2.1. PowerPoint Summary





Figure 2.1-1. Penta-Chart showing key elements of the proposed research.


The proposed research seeks to create a quantum leap in computing through the introduction of ultra high clock rate cores into multicore computing, which may be used to augment lower clock rate cores when parallelism is low. The idea is not so strange as the Nehalem (Core 5) INTEL multicore microprocessor chip uses this strategy. However, the amount of clock speed-up possible here will be dramatically bigger than possible in CMOS alone. As such the proposal fits the “heterogeneous cores” area of the OHPC BAA, but it also represents “heterogeneous technology integration” using 3D IC technology because two entirely different process are married in one IC. These are to be heterogeneously combined using 3D integration techniques along with mass memory and (ultimately) mass disk memory replacement using ultra wide data bus structures. Power is saved by eliminating a large number of pad drivers, while actually vastly increasing the data flow rate previously limited by ESD protection and package boundaries. This project builds upon newly emerging 90nm Silicon Germanium BiCMOS, along with recently released 32nm SOI CMOS technology developed at IBM, and experience gained over many years in DARPA HPC, DARPA NGI, DARPA TEAM , DARPA HPCS, DARPA 3DIC and a recent DARPA seedling sponsored by Mike Fritze.

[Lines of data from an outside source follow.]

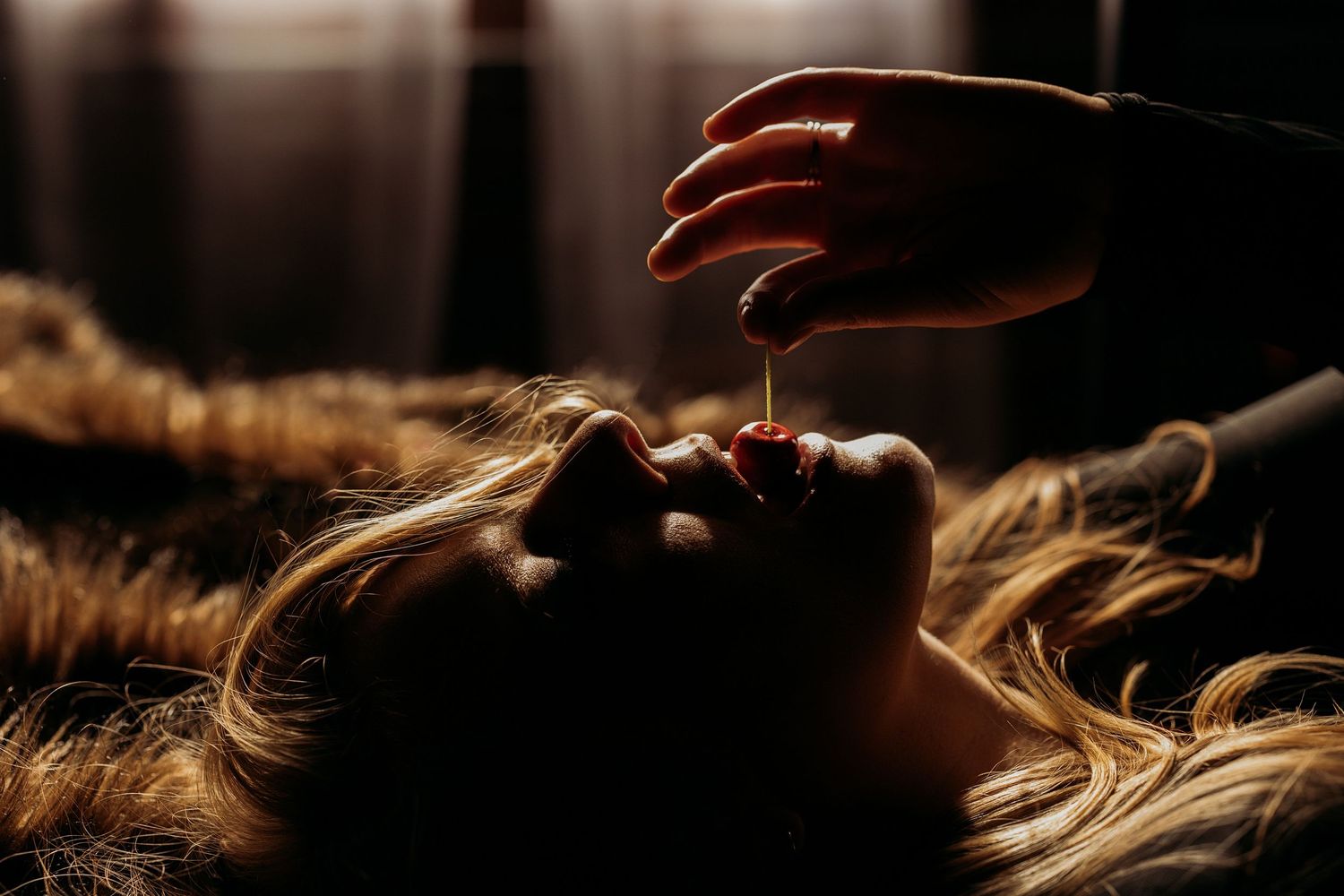 Dark silhouette of a person in a boudoir pose kneeling on carpet near window with brick wall and white curtains.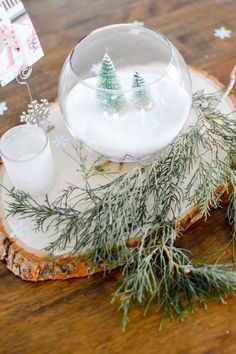 a wooden table topped with a glass bowl filled with snow and pine trees on top of it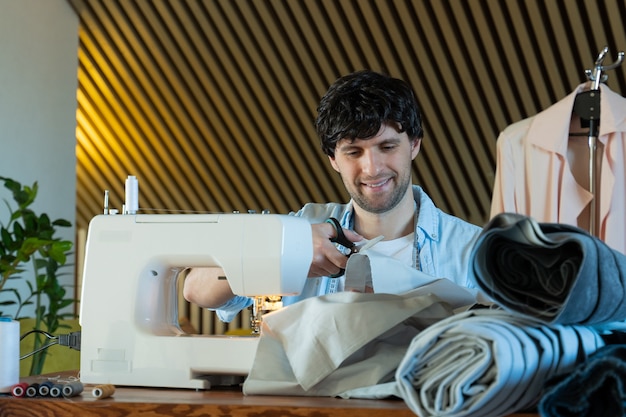 Tailor cutting fabric man working with sewing machine in a textile studio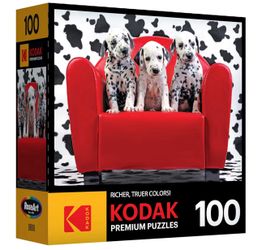 KODAK 3 Dalmatian  puppies sitting on a bright red couch 100 puzzle piece.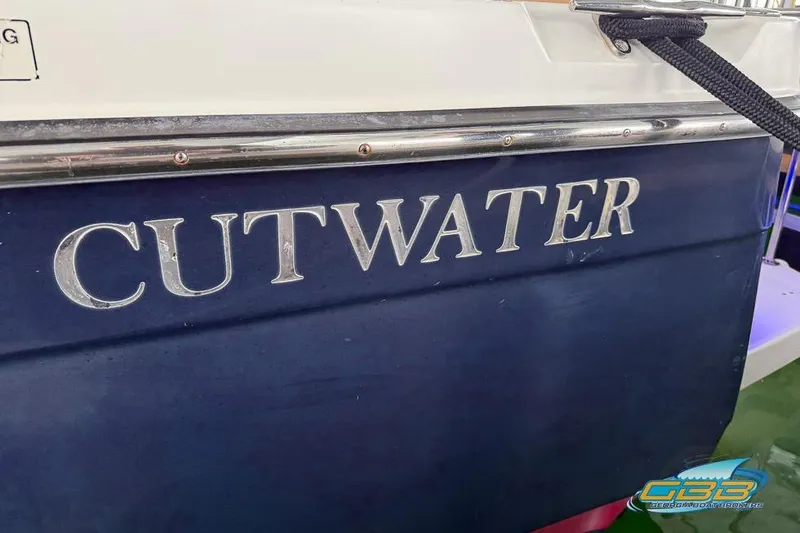 Slide: The Image of 2013 Cutwater C-28 boat with blue hull and silver lettering. - 81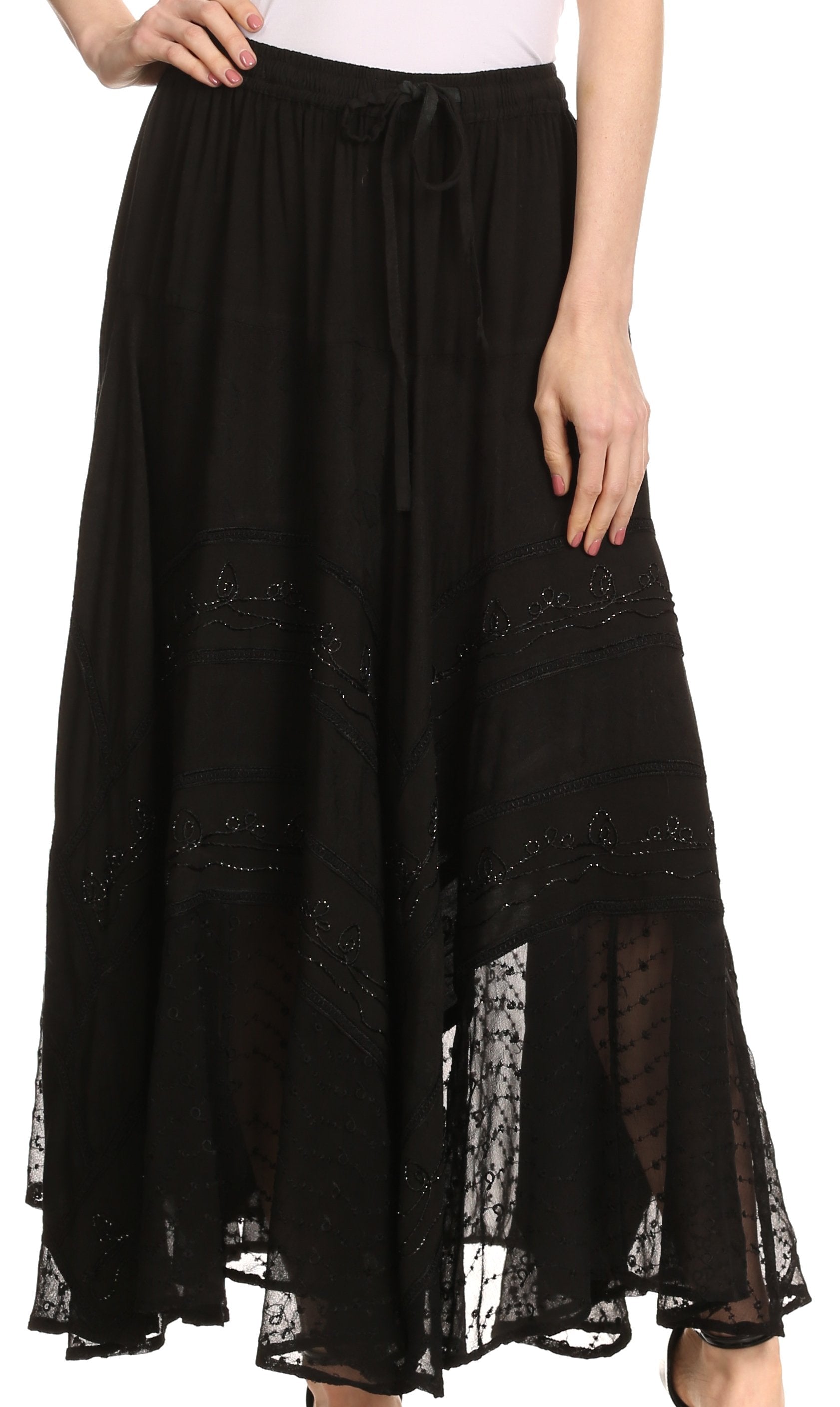 Black lace skirt worn by a person on a white background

2.2. Innovative Claims for the Proposed Research.


This BAA solicits methods for addressing several problems associated with using existing microprocessor technology in High Performance Computing. We propose to make a breakthrough in this area by combining two very new IBM technologies using Heterogeneous 3D integration. One of these is so new we were only able to obtain MOSIS price quotes from IBM this week.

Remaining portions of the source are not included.